**Your task**. Pictures are not part of the answer. Return the lines from the one containing "Item preview, Rugby" through the end of the data, both included, exactly as they appear.

**Data shown**.
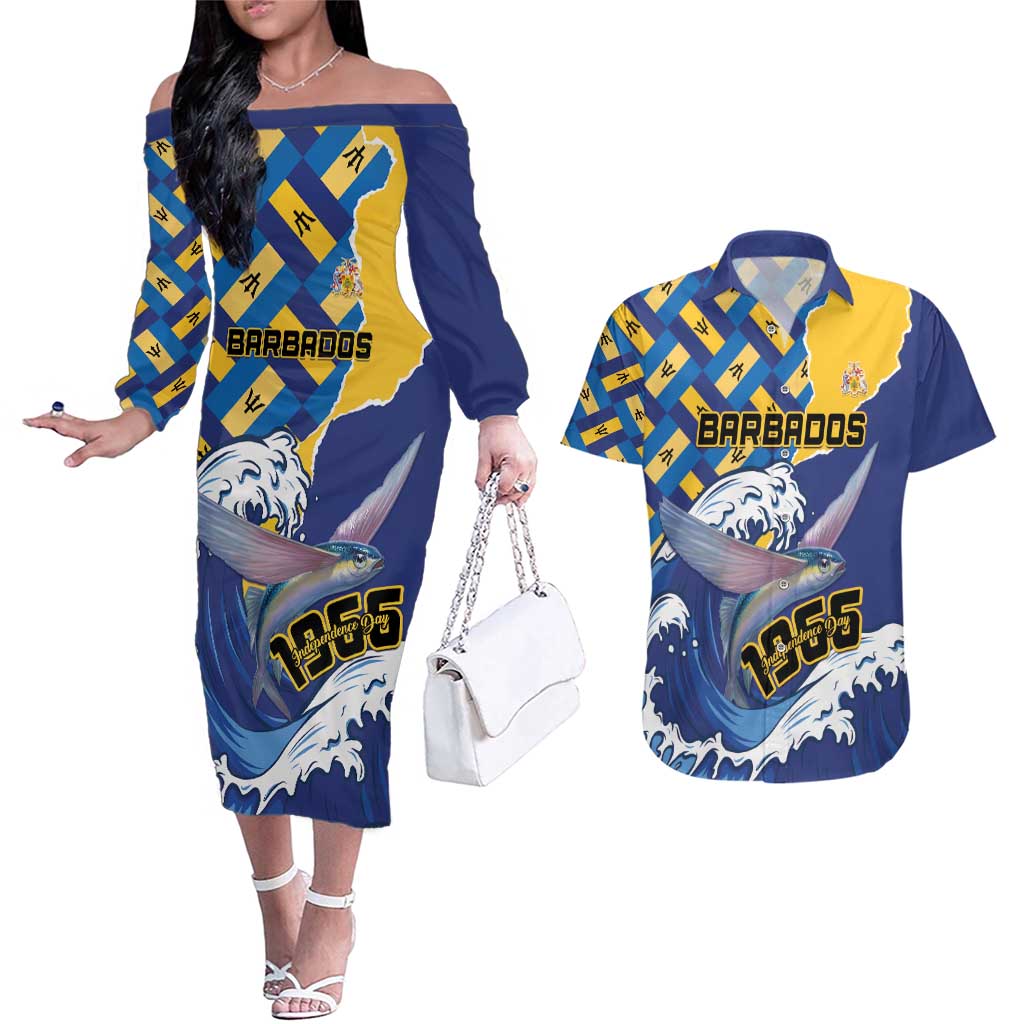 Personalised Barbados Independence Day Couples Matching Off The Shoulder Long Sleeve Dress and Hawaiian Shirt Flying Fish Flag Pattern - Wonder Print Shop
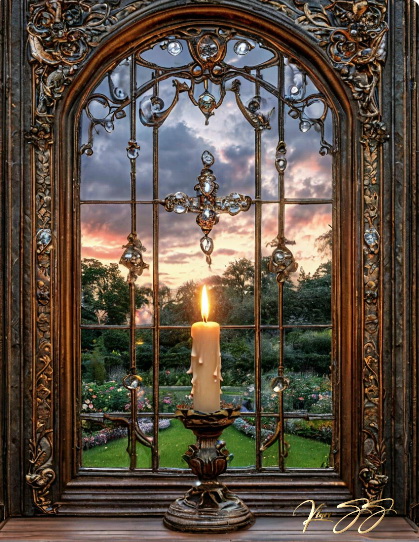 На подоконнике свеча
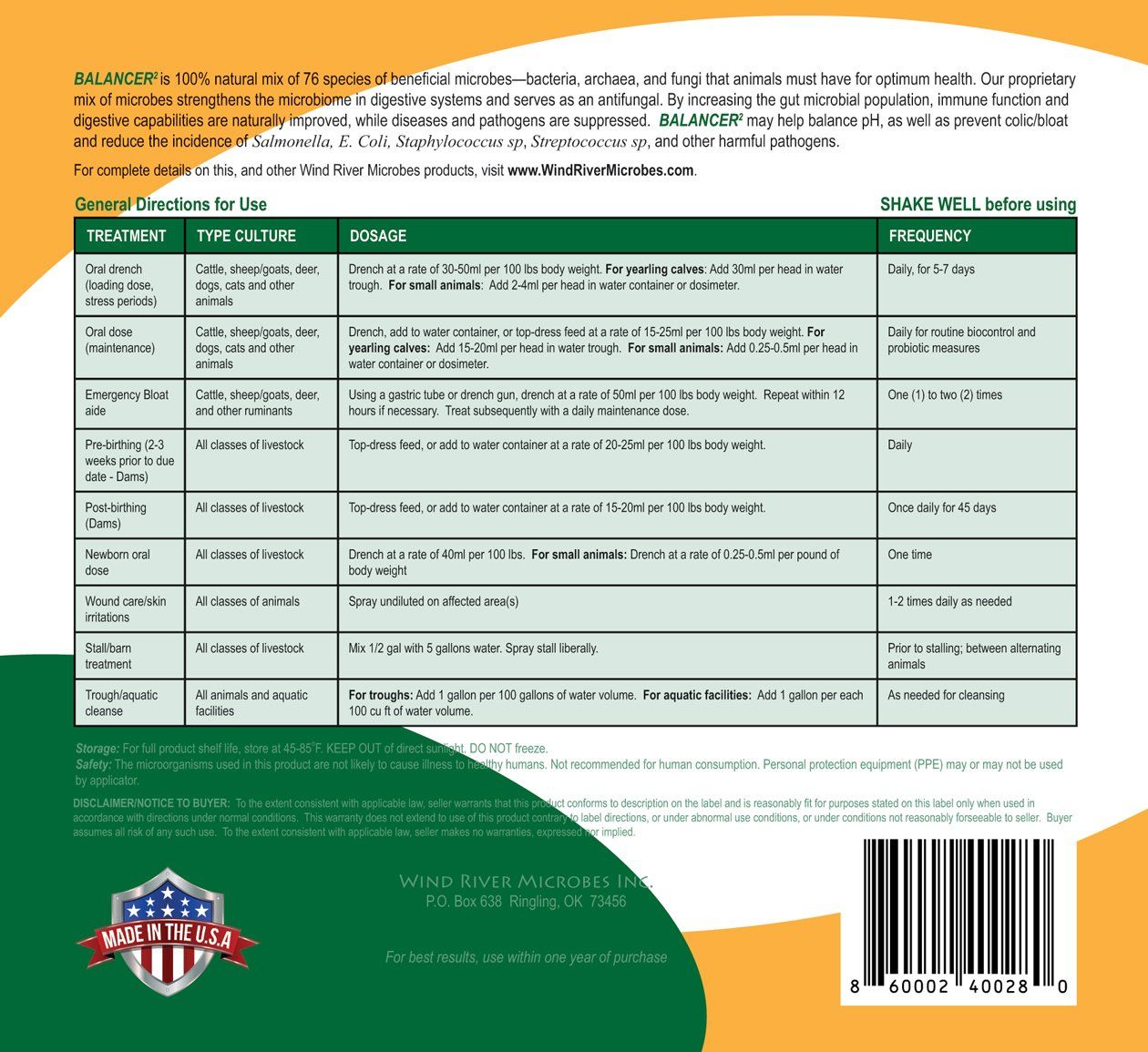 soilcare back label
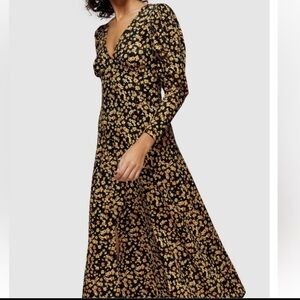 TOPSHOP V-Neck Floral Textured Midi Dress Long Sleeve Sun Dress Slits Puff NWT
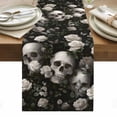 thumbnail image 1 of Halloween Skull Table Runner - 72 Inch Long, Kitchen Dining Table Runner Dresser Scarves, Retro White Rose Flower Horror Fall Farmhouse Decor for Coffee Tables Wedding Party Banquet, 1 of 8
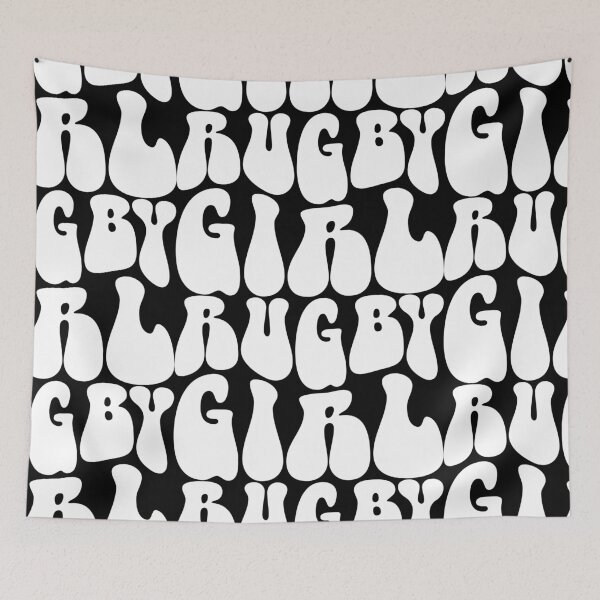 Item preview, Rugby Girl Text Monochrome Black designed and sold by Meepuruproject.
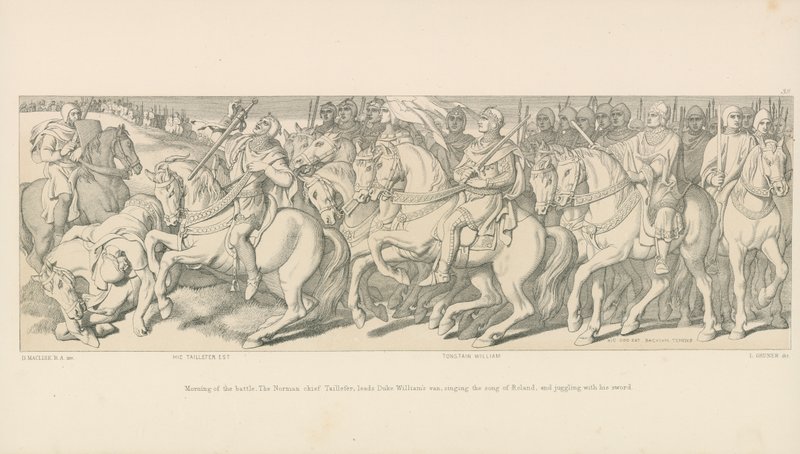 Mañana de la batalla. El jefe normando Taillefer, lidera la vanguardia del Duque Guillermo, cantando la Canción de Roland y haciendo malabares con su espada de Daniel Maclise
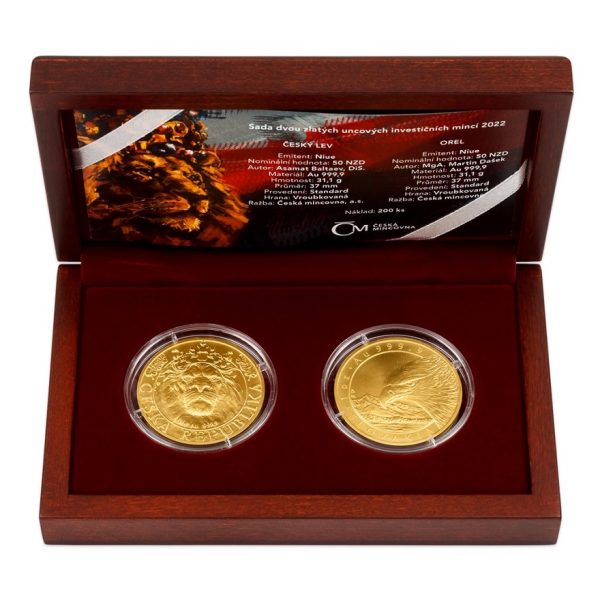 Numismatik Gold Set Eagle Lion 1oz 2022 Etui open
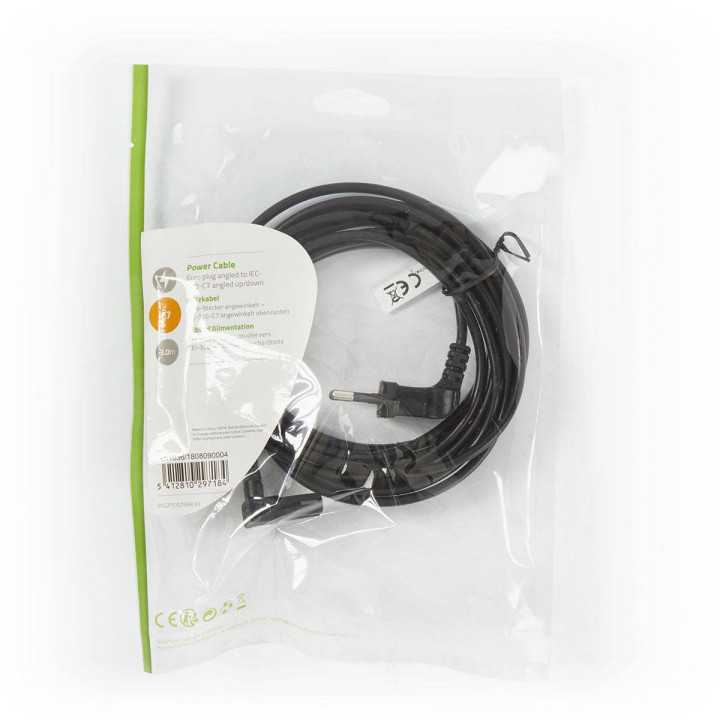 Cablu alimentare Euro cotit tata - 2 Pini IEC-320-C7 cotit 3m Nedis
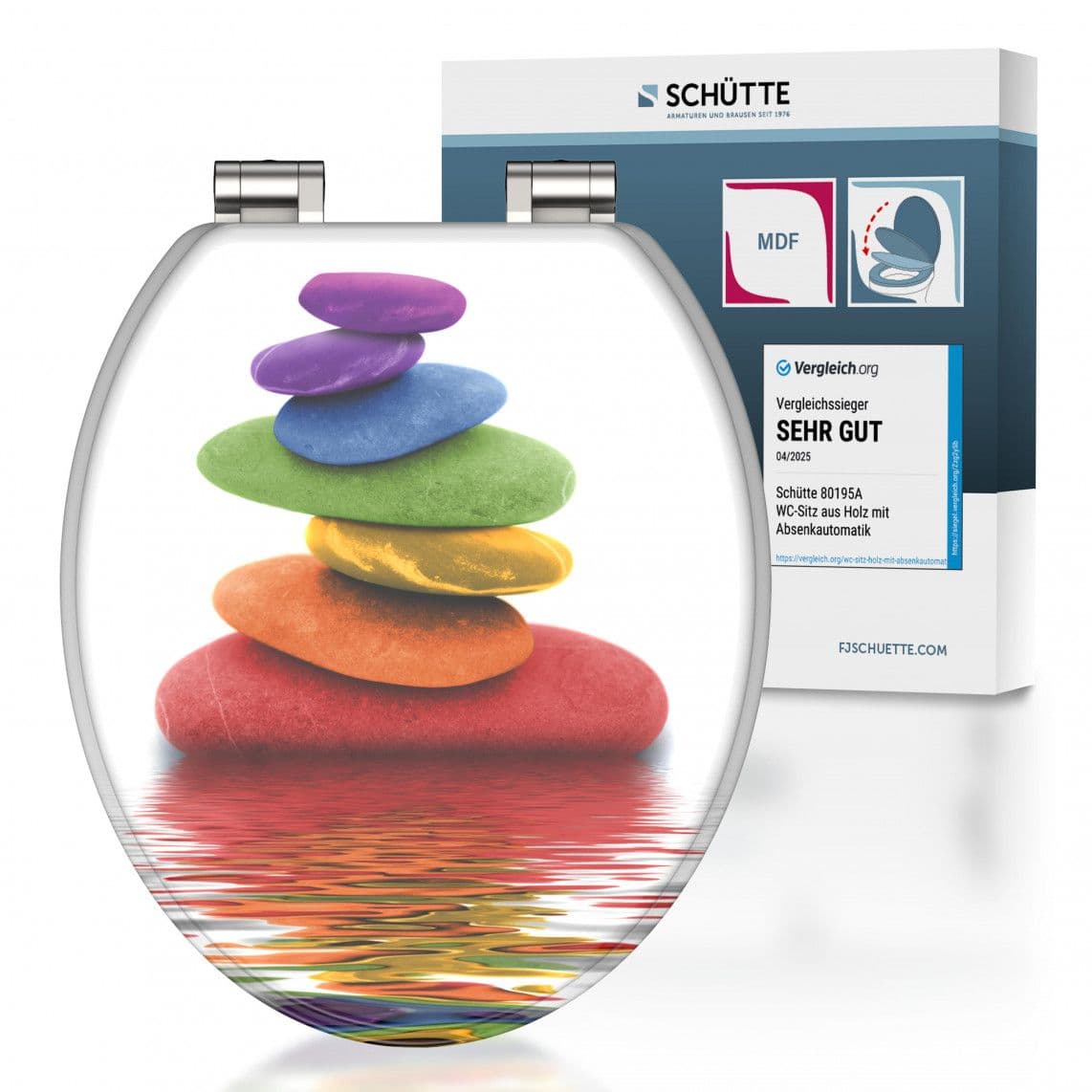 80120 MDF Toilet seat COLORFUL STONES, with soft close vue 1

**Answer box**.
 Item preview, Rugby Girl Text Monochrome Black designed and sold by Meepuruproject.
 Mañana de la batalla. El jefe normando Taillefer, lidera la vanguardia del Duque Guillermo, cantando la Canción de Roland y haciendo malabares con su espada de Daniel Maclise
 Numismatik Gold Set Eagle Lion 1oz 2022 Etui open
 Cablu alimentare Euro cotit tata - 2 Pini IEC-320-C7 cotit 3m Nedis
 80120 MDF Toilet seat COLORFUL STONES, with soft close vue 1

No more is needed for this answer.